29 Oct GDP DISAPPOINTED BECAUSE OF SUPPLY CONSTRAINTS
GDP expanded at a 2.0% annualized rate during the third quarter following a 6.7% pace in the second quarter. The deceleration reflected a sharp slowdown in personal consumption, which grew at just a 1.6% pace after a rapid 12% jump in the prior period. Shortages, transportation bottlenecks, rising prices and the delta variant weighed upon the data.
The personal consumption expenditures price index, excluding food and energy costs, an inflation measure followed closely by Federal Reserve officials, remained elevated, met expectations growing an annualized 4.5% last quarter after a 6.1% jump in the prior period. The 5.7% headline rate exceeded expectations of a 5.3% increase but was lower than last quarter’s 6.1% jump.
The issue at hand are supply woes. Motor vehicle output slumped 41.6%; excluding autos, GDP rose 3.5%. Inflation adjusted business investment declined, the result of production bottlenecks and the inability to finish products or projects.
The debate is rising as to why these supply issues exist. For the first time in at least three generations there are shortages. I rhetorically ask how broken are our supply channels? How are these shortages morphing into the methods of production? How will this impact the electorate?
Unfortunately, economics and politics are closely connected. Many times, one cannot discuss one without discussing the other. The President’s infrastructure bill is fluid. The President reportedly stated that his presidency will be determined by what happens in the next week.
One of the terms that is consistent with past proposals is taxing share repurchases. The current bill will levy a 1% surcharge on all repurchases. This is a compromise from a 2.0% levy.
If passed, will corporations increase dividend payouts? The corporation and its owners should make this decision.
Waxing politically, President Biden and Congressional Democrats consistently say to Americans that higher taxes are the only answer. Will one more government program solve most problems or will one more government regulation make life fair? While the Administration is not solely to blame for the generational high inflation rate, the question is are its policies partially responsible for current shortages.

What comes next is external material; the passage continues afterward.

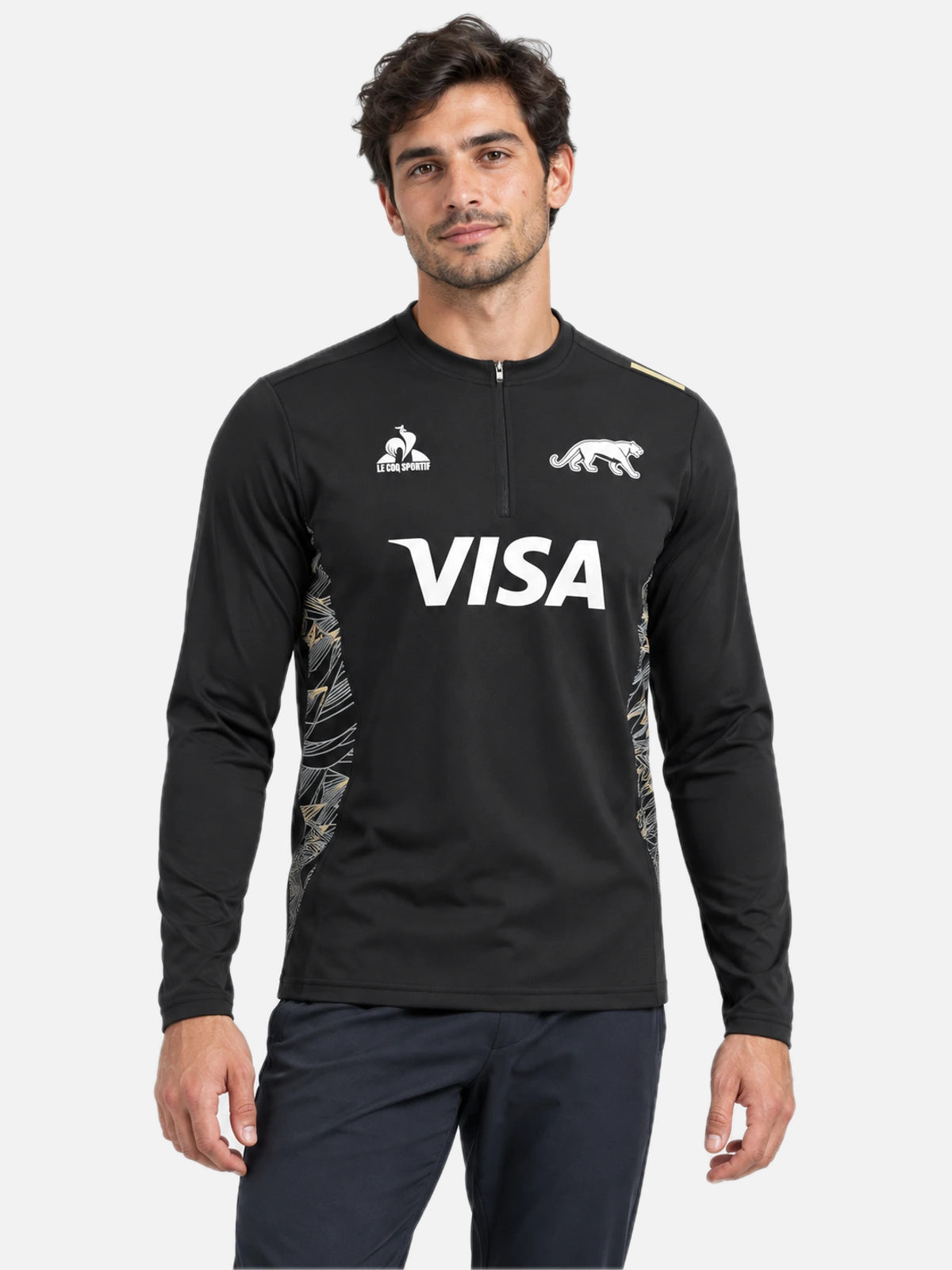 Buzo Le Coq Sportif Pumas Training Hz Up Crewneck — vista principal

As widely discussed, Virginia is in the midst of an election for its next governor. As recently as two months ago the reelection of former Democratic Governor Terry McAuliffe was all but a certainty. Today he is locked in a dead heat with Republican Glen Younkin.
Almost all believe this is a litmus test for next year’s Congressional election where the Administration’s agenda can either be repudiated or vindicated.

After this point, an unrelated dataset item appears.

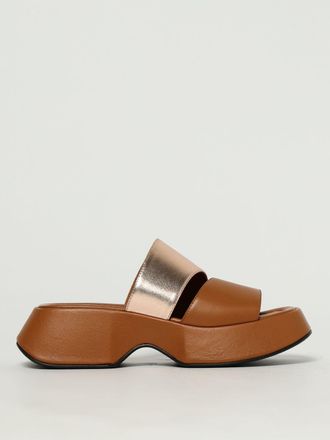 Vic Mati&eacute; Heeled Sandal VIC MATI&Eacute; Woman color Brown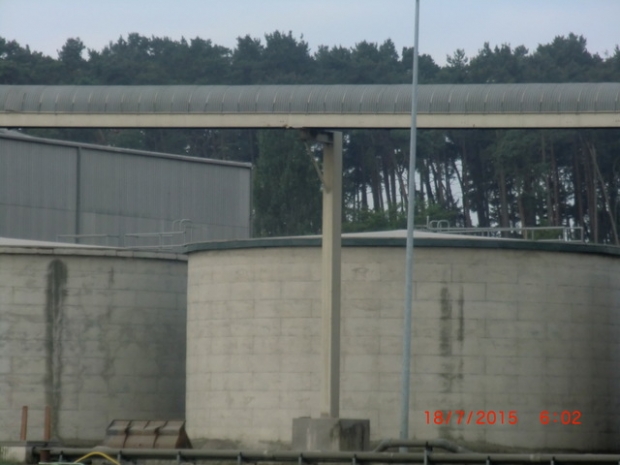 Förderanlagenbrücke / Hafenanlagen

Commenting upon yesterday’s market action, led by earnings equities rallied. Treasuries rose in yield perhaps under the guise that the Fed might not act prematurely.
After the close both AMZN and AAPL posted results. AMZN disappointed sending shares down over 4.5%. APPL also disappointed and is down 3.4% premarket.
Commenting upon the impact that the largest companies have upon the indices, according to Bloomberg, Wednesday’s advance in the NASDAQ 100 was entirely the result of the 5% plus surge in both MSFT and GOOG. If these companies were omitted, the NASDAQ 100—or the 100 largest companies in the NASDAQ—would have declined 1.1%.
Wow! This places the term “Big is better” in an entirely different context. To quote Ross Perot, this is one “Giant Sucking Sound.”
Will the inverse occur today?
Last night the foreign markets were mixed. London was down 0.21%, Paris down 0.40% and Frankfurt down 0.83%. China was up 0.82%, Japan up 0.25% and Hang Seng down 0.70%.
The Dow should open mixed. NASDAQ futures are down about 1%. The 10-year is off 6/32 to yield 1.61%.